- 谜图
- Genre: Modern Thriller/Suspense
- Created by: 赵志坚
- Starring: Tay Ping Hui Joanne Peh Rebecca Lim Shaun Chen Zhu Houren Richard Loh
- Opening theme: 谜图 by Darren Tan Sze Wei
- Country of origin: Singapore
- Original language: Chinese
- No. of episodes: 20

Production
- Producer: 林明哲
- Running time: approx. 45 minutes per episode

Original release
- Network: MediaCorp TV Channel 8
- Release: 7 April – 2 May 2008

Related
- Just in Singapore; Rhythm of Life;

= The Truth (2008 TV series) =

The Truth (谜图) is a Singaporean Chinese modern suspense drama which was telecasted on Singapore's free-to-air channel, MediaCorp Channel 8. It made its debut on 7 April 2008 and ended on 2 May 2008. This drama serial consists of 20 episodes, and was screened on every weekday night at 9:00 pm.

==Cast==

===Main cast===
- Tay Ping Hui as Lu Zhiwei
- Joanne Peh as Chen Shuxian
- Shaun Chen as Alex Su
- Rebecca Lim as Chen Shufen
- Zhu Houren as Su Zhenyuan
- Richard Low as Lu Rongguang
- Zhu Yuye as Susan Ong

==Synopsis==
The series main focus is a treasure map that was inherited by Su Zhenyuan from his late father.
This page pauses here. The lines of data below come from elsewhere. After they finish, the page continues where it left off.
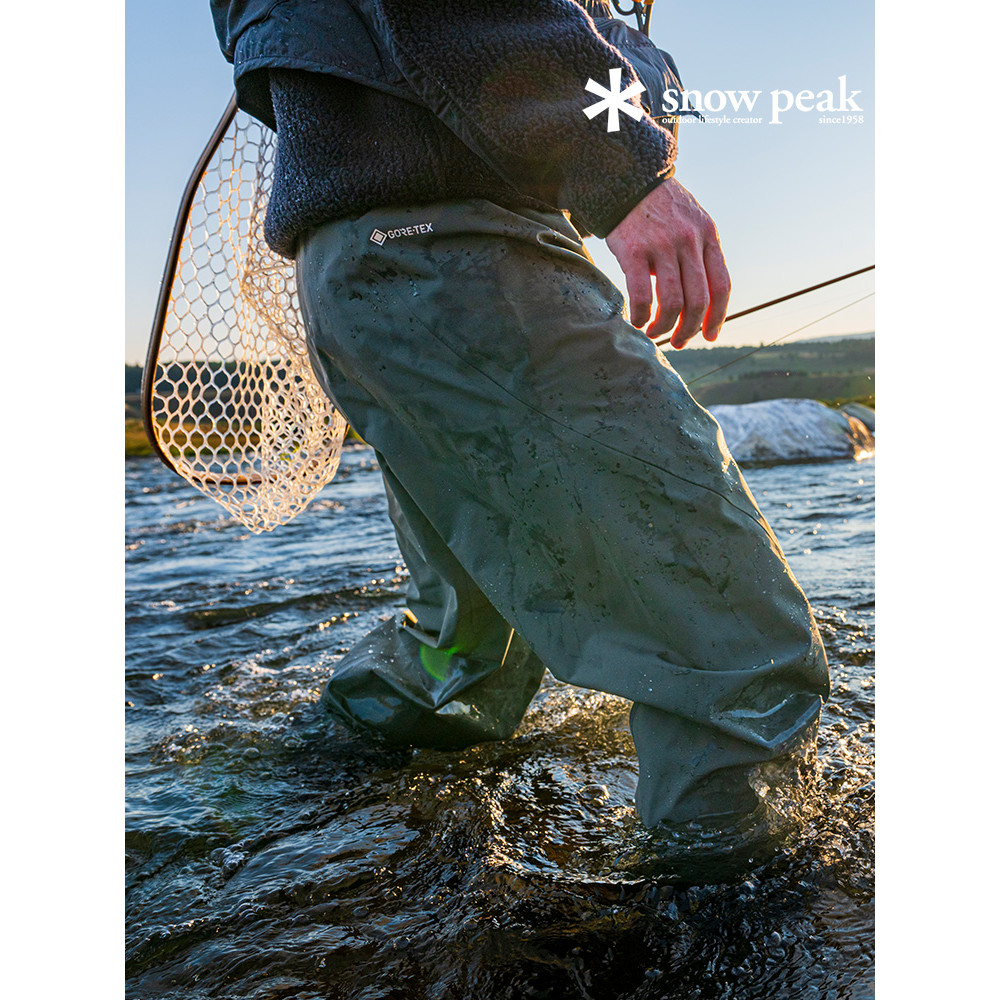 Snowpeak snowpeak GORE-TEX à prova d'água masculino pesca cintura alta Upstream Wading calças SPF-PA-25SU902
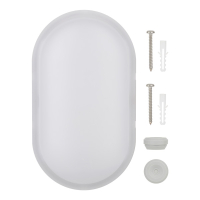 Bailey LED bulkhead switch | Ovaal | 3000-6500K | 14.000 lumen | IP20 | Grijs LBA00450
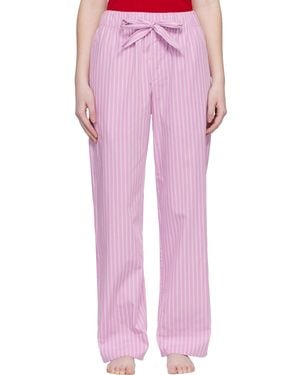 Tekla Poplin Pajama Pants - Pink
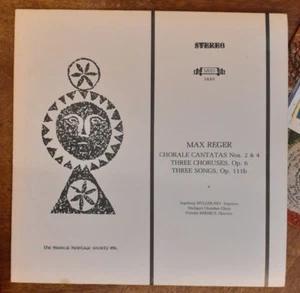 MHS 3728-Max Reger Chorale Cantata No. 2 & 4 Musical Heritage Society LP - Bild 1 von 1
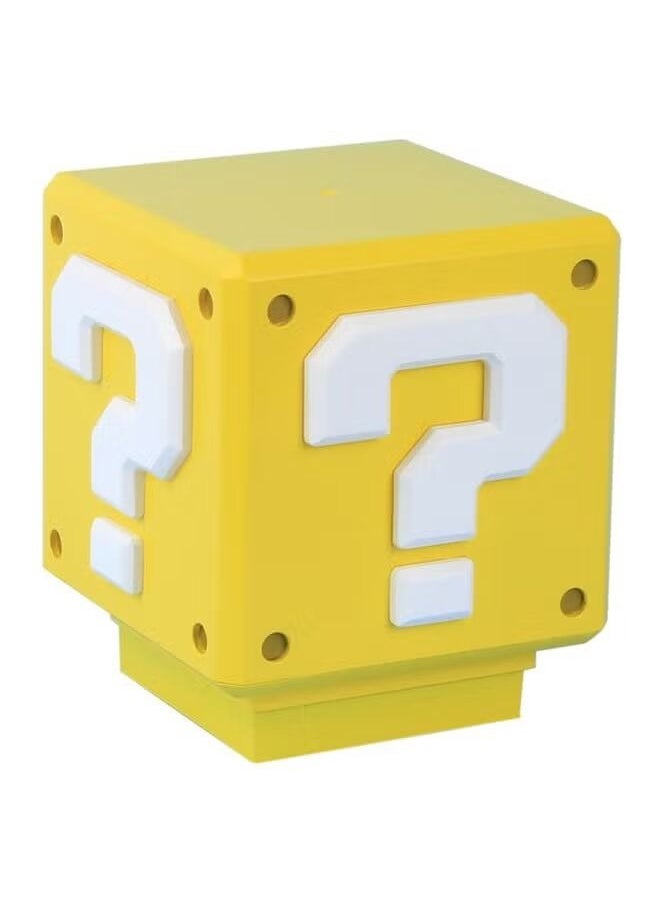 Paladone Super Mario Mini Question Block Light Yellow 7.5x7.5x7.5centimeter  - Image 1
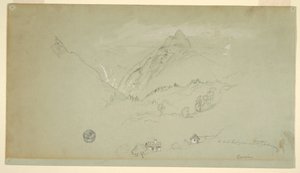 Dibujo, Berchtesgaden, Baviera, junio-agosto de 1868 de Frederic Edwin Church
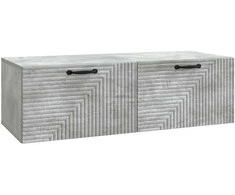 TV staliukas Sieninė TV spintelė Betono pilka 98 x 41 x 30 cm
That same map is also coveted by Lu Rongguang, who was Zhenyuan's business partner.

Meanwhile, Chen Shuxian and Chen Shufen came to Singapore for career opportunities, but their mother, who came with the sisters, was murdered shortly after arrival. Through the subsequent investigation, Shuxian got to know police officer Lu Zhiwei, and Shufen began an intimate relationship with Zhenyuan's son, Alex Su.

Shuxian, meanwhile, discovered that her mother's death may be linked to Zhenyuan, and later became embroiled on Rongguang's plot to get the treasure map.